How to use ptls.data_load.datasets datasets

Here are the datasets (torch.utils.data.Dataset) which assure interface to the data.

For data prepared in memory use:

  1. MemoryMapDataset with i_filters
  2. AugmentationDataset with f_augmentations if needed
  3. endpoint map dataset from ptls.frames

For small (map mode) parquet data use:

  1. ParquetDataset with i_filters
  2. PersistDataset
  3. AugmentationDataset with f_augmentations if needed
  4. endpoint map dataset from ptls.frames

For large (iterable mode) parquet data use:

  1. ParquetDataset with i_filters
  2. AugmentationDataset with f_augmentations if needed
  3. endpoint iterable dataset from ptls.frames

Other dataset order and combination are possible but not tested.

Simple example

Dict features in a list is a simple example of data. Python's list have the same interface as torch.Dataset, so you can just provide it to dataloader.

import torch
from ptls.data_load.utils import collate_feature_dict

data_list = [
    {
        'mcc': torch.arange(seq_len),
        'id': f'user_{i}'
    }
    for i, seq_len in enumerate([4, 3, 6])
]

dl = torch.utils.data.DataLoader(
    dataset=data_list,
    collate_fn=collate_feature_dict,
    batch_size=2,
)

for batch in dl:
    print(batch.payload, batch.seq_lens, sep='\n')

In this example we use simple list as dataset.

Sometimes you need to make changes in the dataset. We propose a filter approach for this.

map and iterable

There are the types of torch datasets. More info about dataset types to understand map and iterable.

Dataloader choose a way of iteration based on type his dataset. In out pipeline Dataloader works with endpoint dataset from ptls.frames. So the type of endpoint dataset from ptls.frames choose a way of iteration.

Map dataset provide better shuffle. Iterable dataset requires less memory.

Warning for multiprocessing dataloader

Each worker use the same source data.

Map dataloader knows dataset len and uses sampler to randomly split all indexes from range(o, len) between workers. So each worker use his own part of data.

Iterable dataloader can just iterate over the source data. In default case each worker iterate the same data and output are multiplied by worker count.

To avoid this iterable datasets should implement a way to split a data between workers.
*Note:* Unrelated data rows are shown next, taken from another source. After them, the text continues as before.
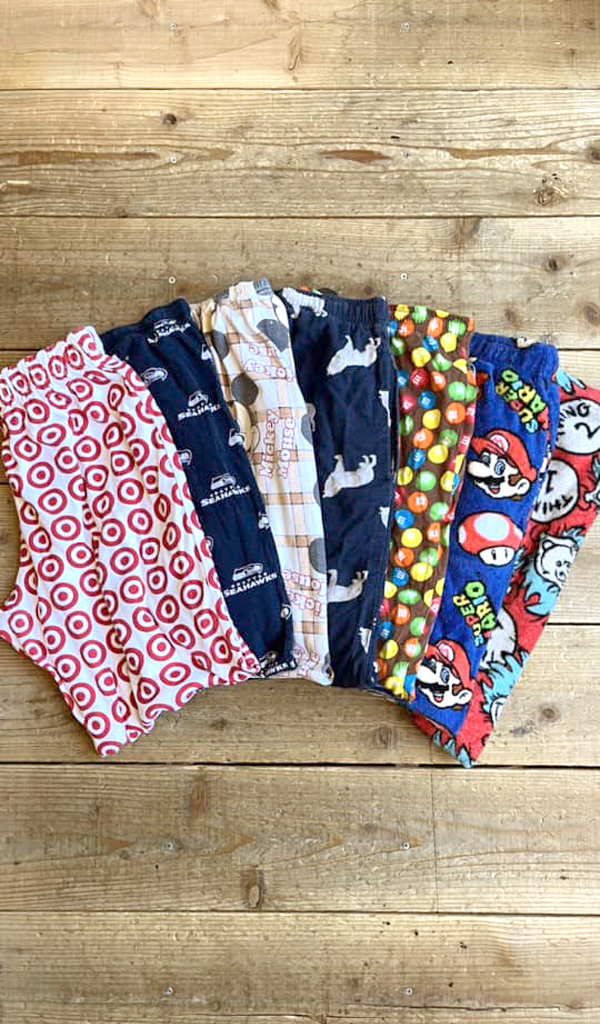【PJ Pajama Pants】 キャラクター総柄パジャマパンツ入荷～@古着屋カチカチ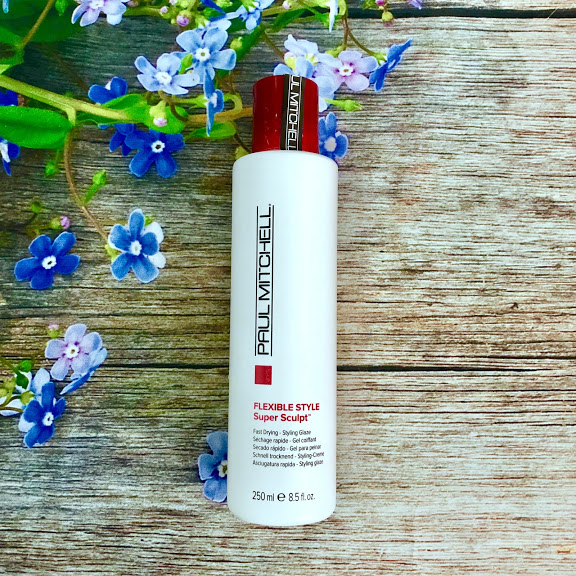 Gel Paul Mitchell Flexible Style Super Sculpt tạo nếp tóc uốn Mỹ 250ml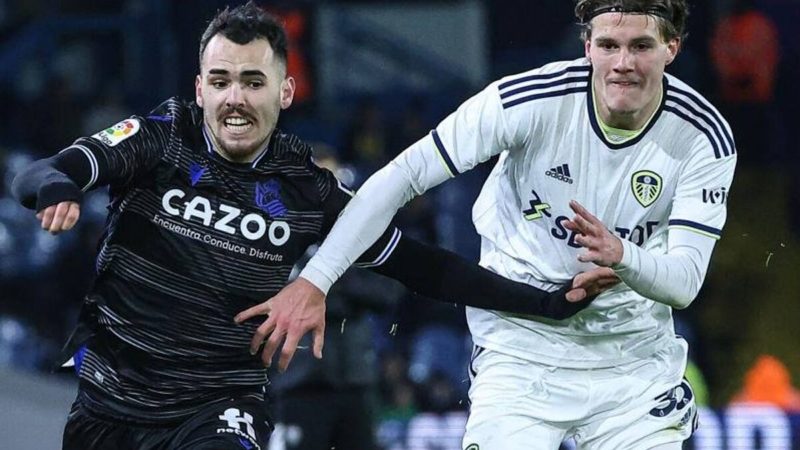 Real Sociedad: la Real Sociedad torna dall’Inghilterra con dei dubbi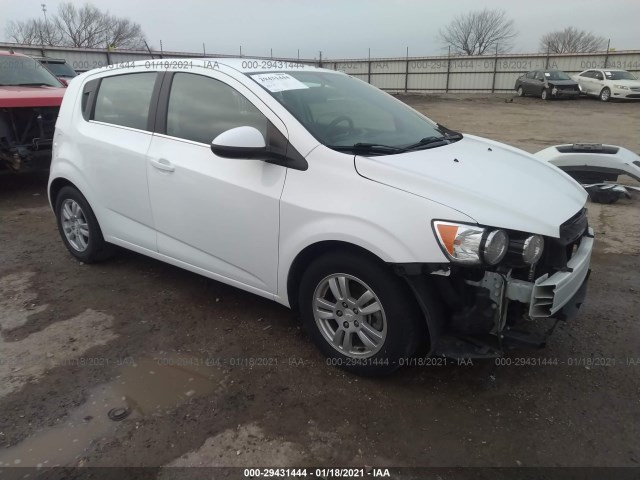 CHEVROLET SONIC 2015 1g1jc6sh1f4165521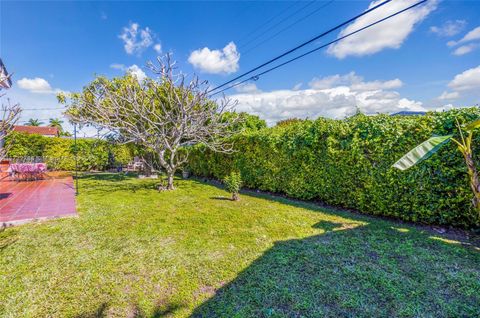 A home in Miami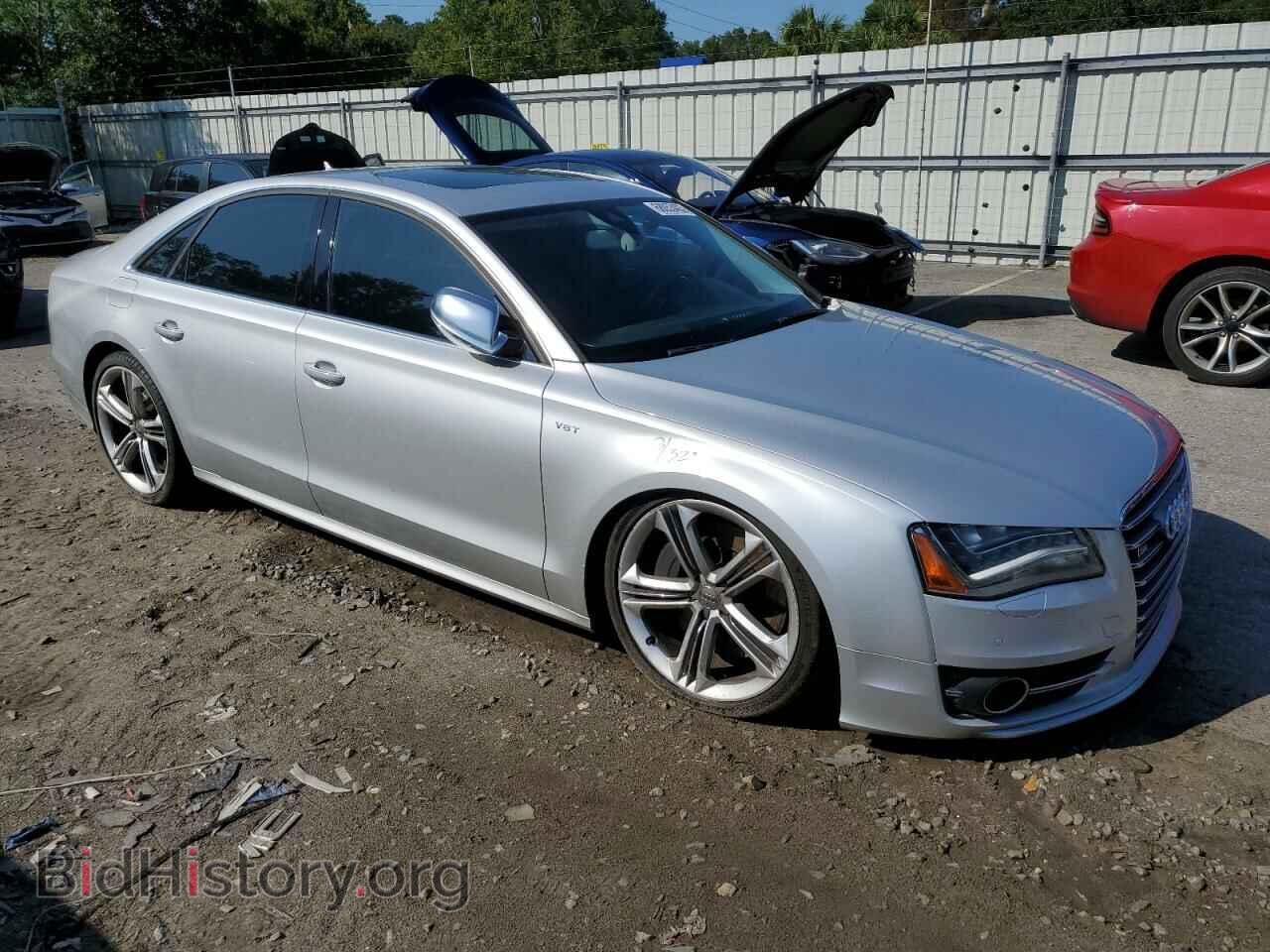 2013 AUDI S8 - VIN: WAUD2AFD6DN017984 - Фото 4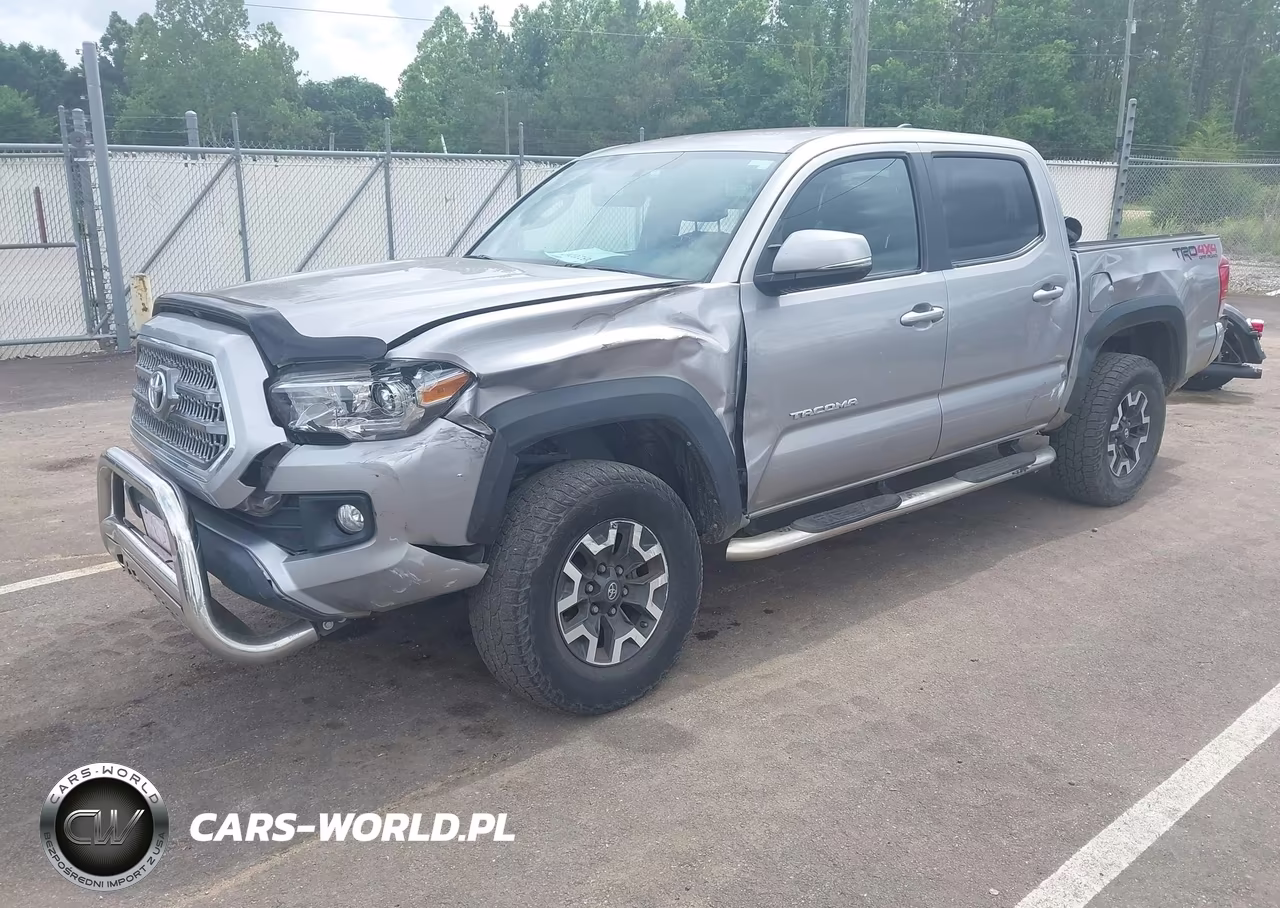 2016 Toyota Tacoma Trd Off Road VIN:5TFCZ5AN8GX002669 - 2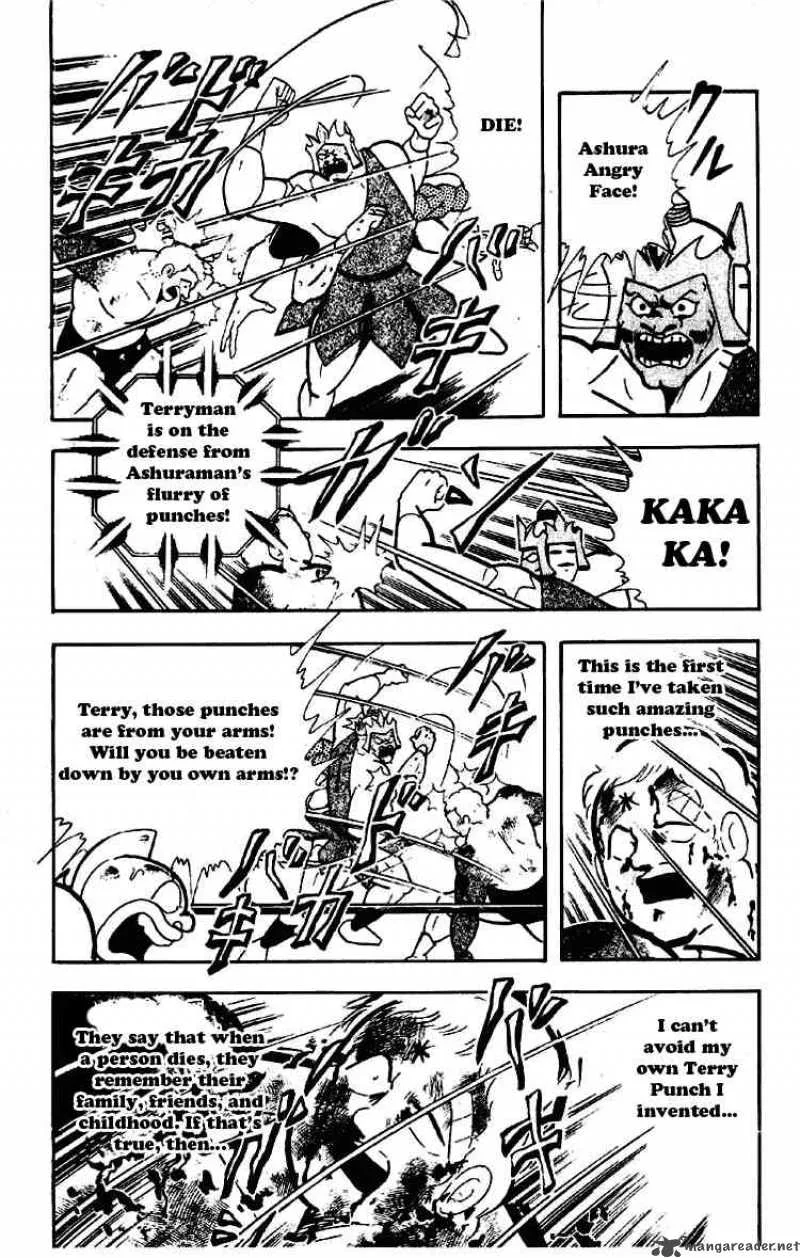 Kinnikuman Chapter 179 page 12
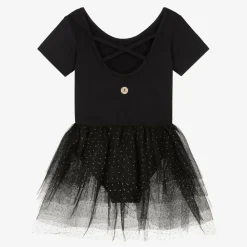 Girls Black Tutu Dress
Multiprocessing split implementation:

  • ParquetDataset implement split it and works correct
  • i_filters and f_augmentations don't contain a data and works correct
  • Iterable endpoint datasets works correct with iterable source
  • Iterable endpoint datasets multiply data with map source
  • PersistDataset iterate input during initialisation. Usually this happens out of dataloader in single main process. So it works correct.

i_filters and f_augmentations

  • i_filters - iterable filters
  • f_augmentations - augmentation functions

Filters

ptls propose filters for dataset transformation. All of them are in ptls.data_load.iterable_processing. These filter implemented in generator-style. Call filter object to get generator with modified records.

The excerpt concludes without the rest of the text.